About this task:
Leaving out pictures, output exactly the lines below from the one that has "Shraddha Kapoor recreates" through the one that has "Чехол iPhone 11", and nothing else.

Entries supplied:
====================
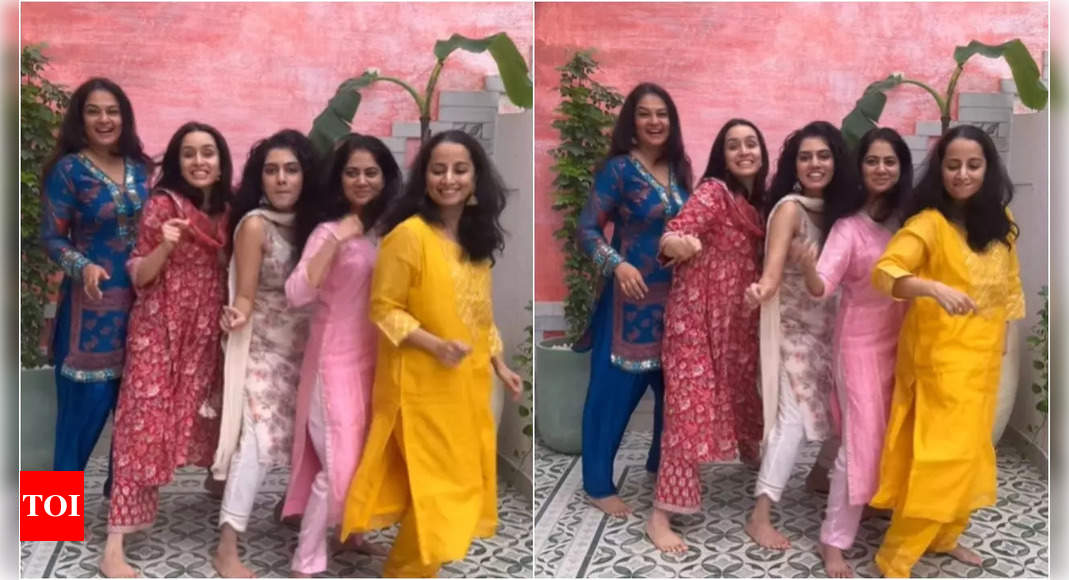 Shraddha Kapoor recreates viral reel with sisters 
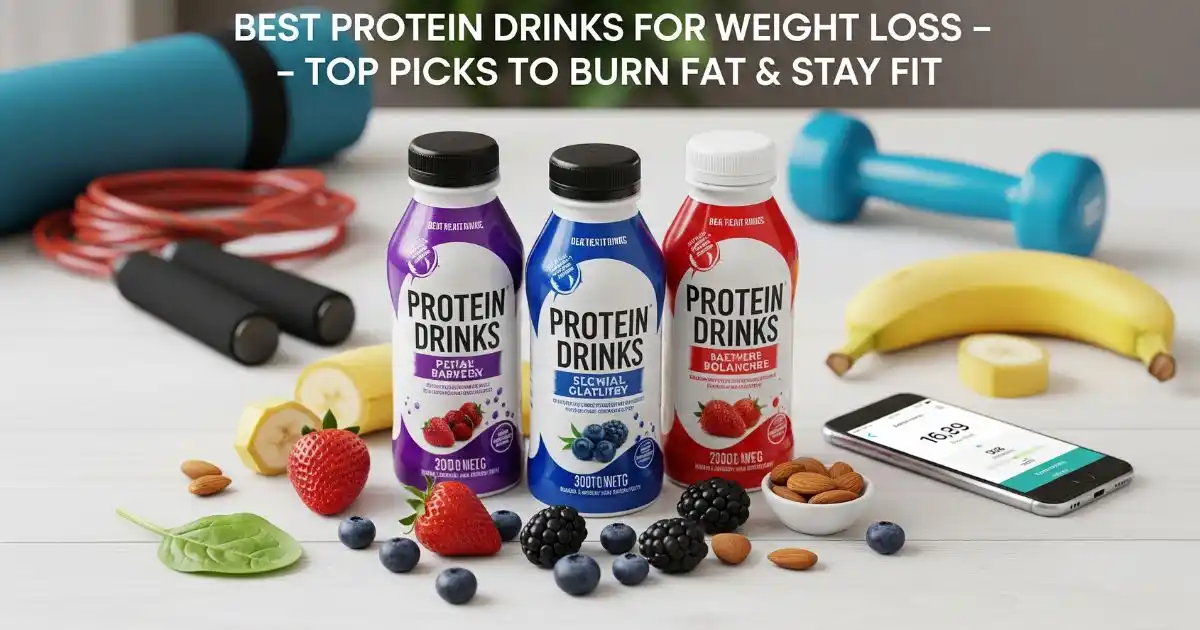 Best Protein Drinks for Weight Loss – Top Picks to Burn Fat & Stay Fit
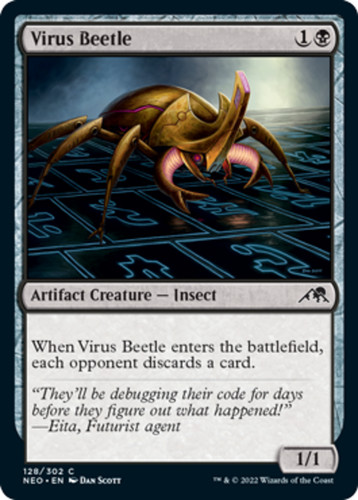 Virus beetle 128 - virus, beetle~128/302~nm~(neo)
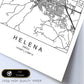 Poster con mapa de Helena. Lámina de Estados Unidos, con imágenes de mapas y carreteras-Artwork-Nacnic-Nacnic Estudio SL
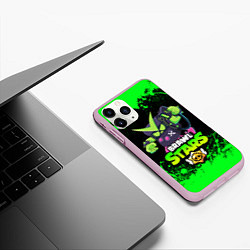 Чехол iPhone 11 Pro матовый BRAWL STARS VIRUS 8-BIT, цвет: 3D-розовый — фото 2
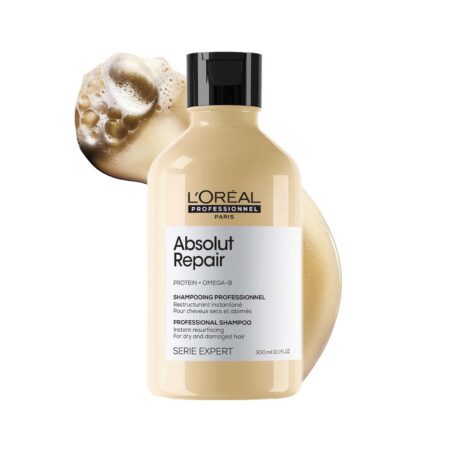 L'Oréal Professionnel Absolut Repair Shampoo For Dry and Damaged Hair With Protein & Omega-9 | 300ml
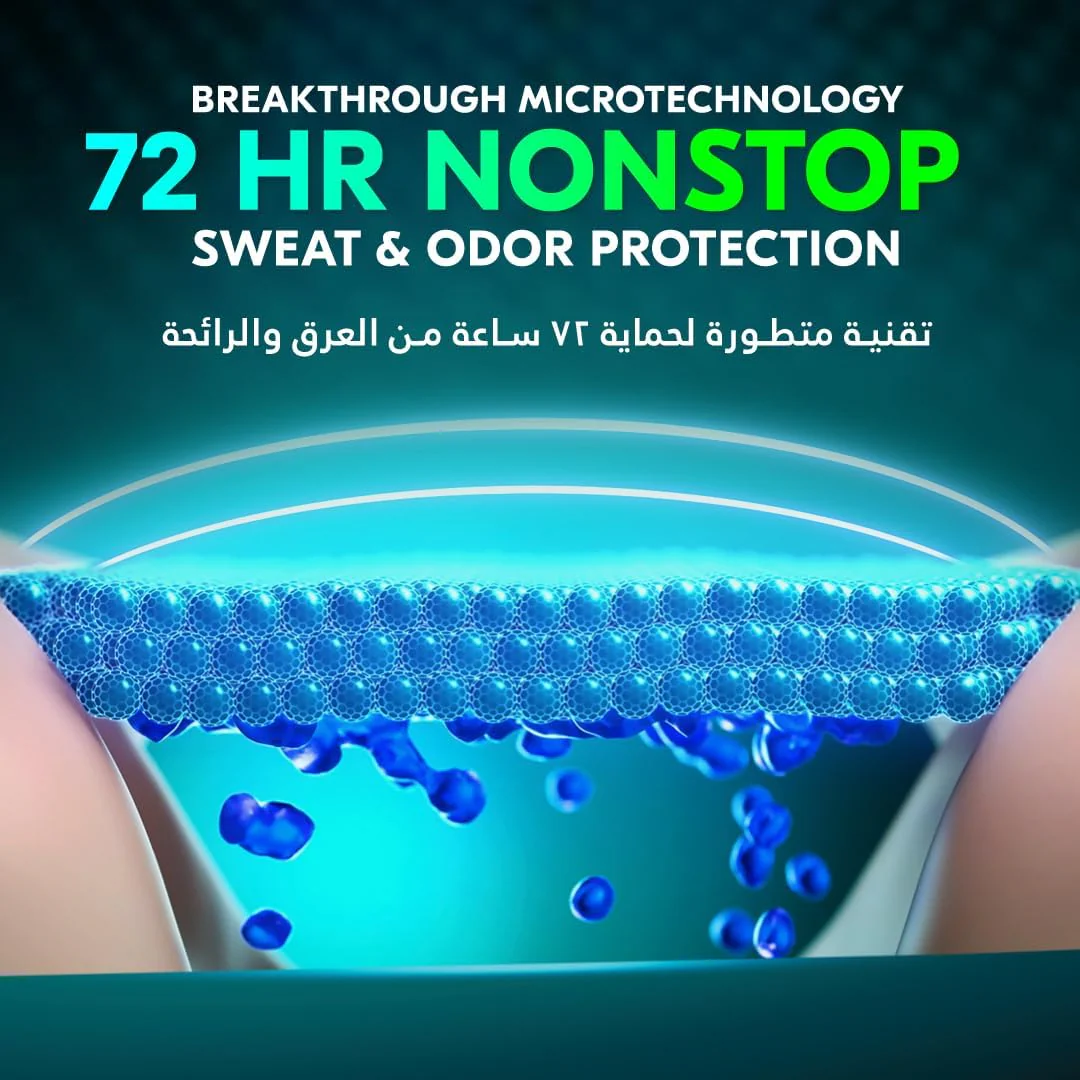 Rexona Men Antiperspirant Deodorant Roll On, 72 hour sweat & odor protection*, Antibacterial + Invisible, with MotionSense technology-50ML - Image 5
====================
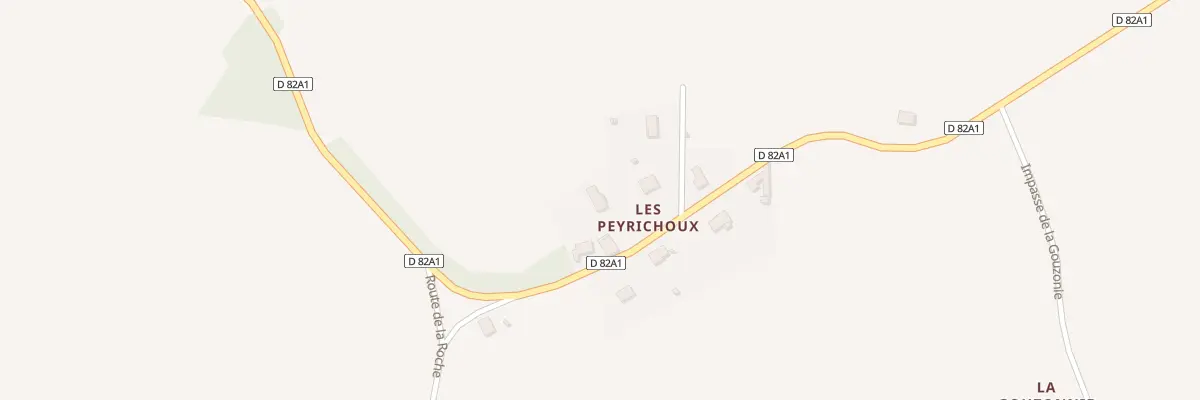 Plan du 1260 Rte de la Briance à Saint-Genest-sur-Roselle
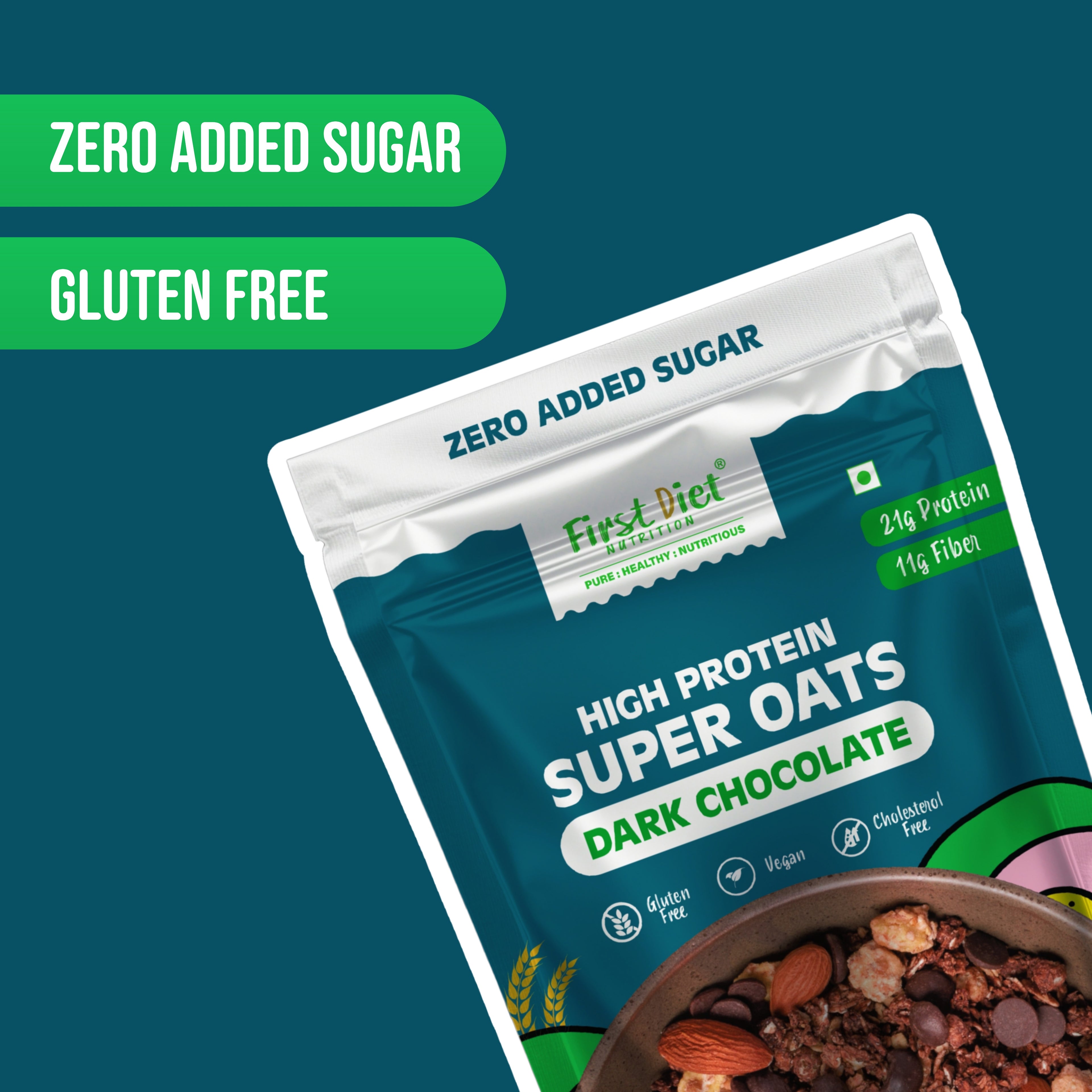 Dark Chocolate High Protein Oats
====================
Exercise result:
 Shraddha Kapoor recreates viral reel with sisters 
 Best Protein Drinks for Weight Loss – Top Picks to Burn Fat & Stay Fit
 Virus beetle 128 - virus, beetle~128/302~nm~(neo)
 Poster con mapa de Helena. Lámina de Estados Unidos, con imágenes de mapas y carreteras-Artwork-Nacnic-Nacnic Estudio SL
 Чехол iPhone 11 Pro матовый BRAWL STARS VIRUS 8-BIT, цвет: 3D-розовый — фото 2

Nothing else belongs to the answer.